Cancer has the characteristics of cheating and avoiding immune cells, growing and spreading over time, but in some cases the immune system remains the best defense against cancer. Researchers at the QIMR Berghofer Institute of Medicine in Australia recently proposed a new method of conducting anti-testing in mice tested. T-cells and NK-cells are known to act like infantry men of the immune system. They are able to search for and attack pathogens that invade the body.
(From: Cancer Discovery, via New Atlas)
However, the activity of these two cells is also regulated by other immune cells — such as the invariance T-cells (MAIt) associated with mucous membranes — that tell them when to attack and withdraw.
In the new study, QIMR researchers found that activating MAIT cells prevents T-cells and NK-cells from attacking tumors, which the tumor seems to know.
(Research map – 1)
Cancer cells are known to be able to actively activate MAIT cells through MR1 molecules on their surface. “Cancer cells have effectively established their own defenses to escape being attacked by the immune system and surviving,” said senior researcher Michele Teng.
Studies have shown that MR1 activates MAIT cells, which in turn keeps anti-cancer T-cells and NK-cells from actively attacking.

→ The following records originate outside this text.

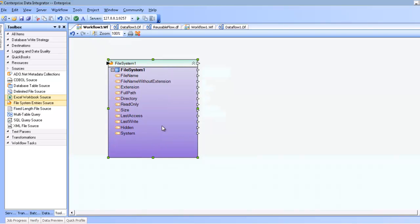Changing this to an iterator will do a couple of things. It will turn this box purple, which indicates that it is a loop component.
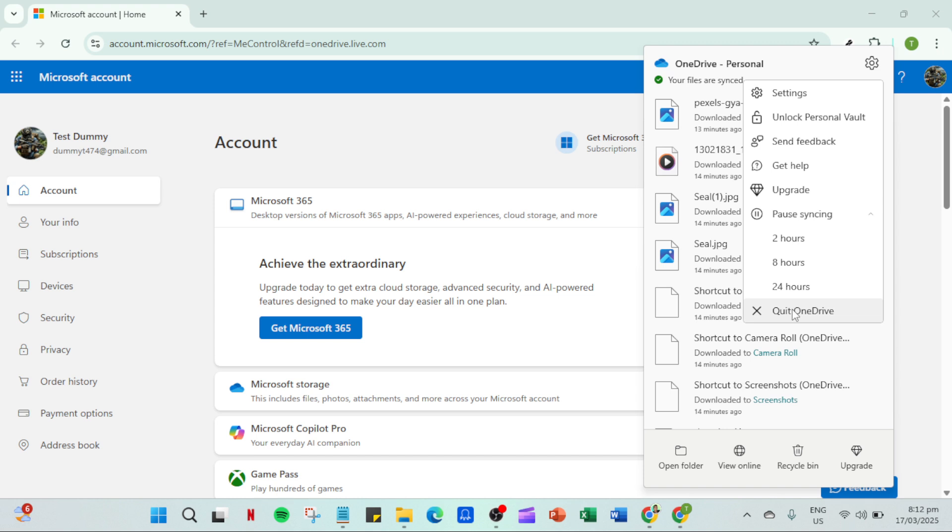After opening the settings menu, look for an option labeled pause syncing. Selecting this option will temporarily halt any syncing operations currently being performed by OneDrive. If you're experiencing syncing issues, pausing syncing can sometimes help resolve these problems.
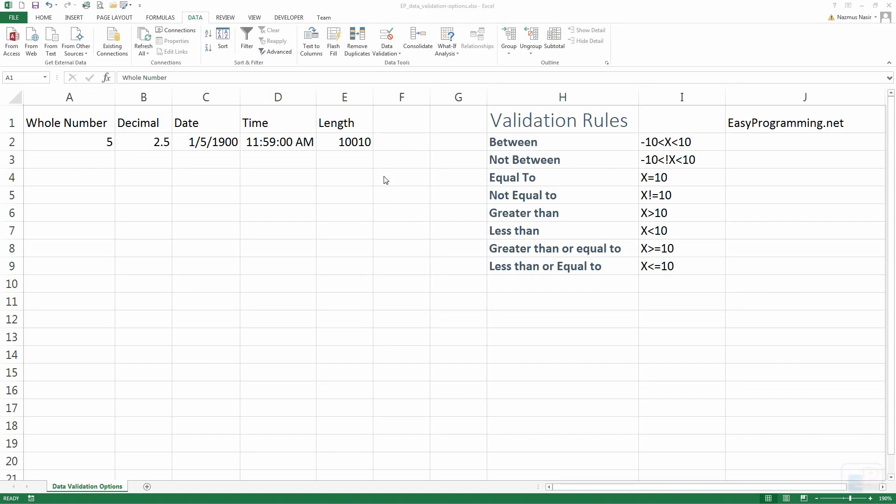Hello everyone, welcome to tutorial number 15 of EasyExcel. Today I will be covering some more data validation options. Last time I showed you data validation and how to create drop-down lists. Today I will focus just on the other forms of data validation.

Although it is known that the immune system has other reactive regulatory cells, this is the first evidence of the working mechanism of MAIT cells.
(Research map – 2)
After understanding this mechanism, or the birth of new immunotherapy. By blocking MR1 antibodies, the team said, they tested the idea in mice.

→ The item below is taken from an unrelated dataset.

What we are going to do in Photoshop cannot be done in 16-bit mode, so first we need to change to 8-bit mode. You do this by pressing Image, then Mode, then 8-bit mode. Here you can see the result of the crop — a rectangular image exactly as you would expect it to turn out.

It turns out that it does prevent MAIT cells from being activated to increase the attack power of T-cells and NK-cells, ultimately slowing the growth and expansion of cancer.
(Research map – 3)
Although not necessarily effective for every cancer, it can at least be effective against the types of cancer associated with the MR1 molecule, and it also means that it can be used to screen which patients do not respond to this immunotherapy.
Next, the researchers will try to conduct similar experiments on the human body. But the premise is to determine which human tumors are COR1-related. Details have been published in the recent lying journal Cancer Discovery.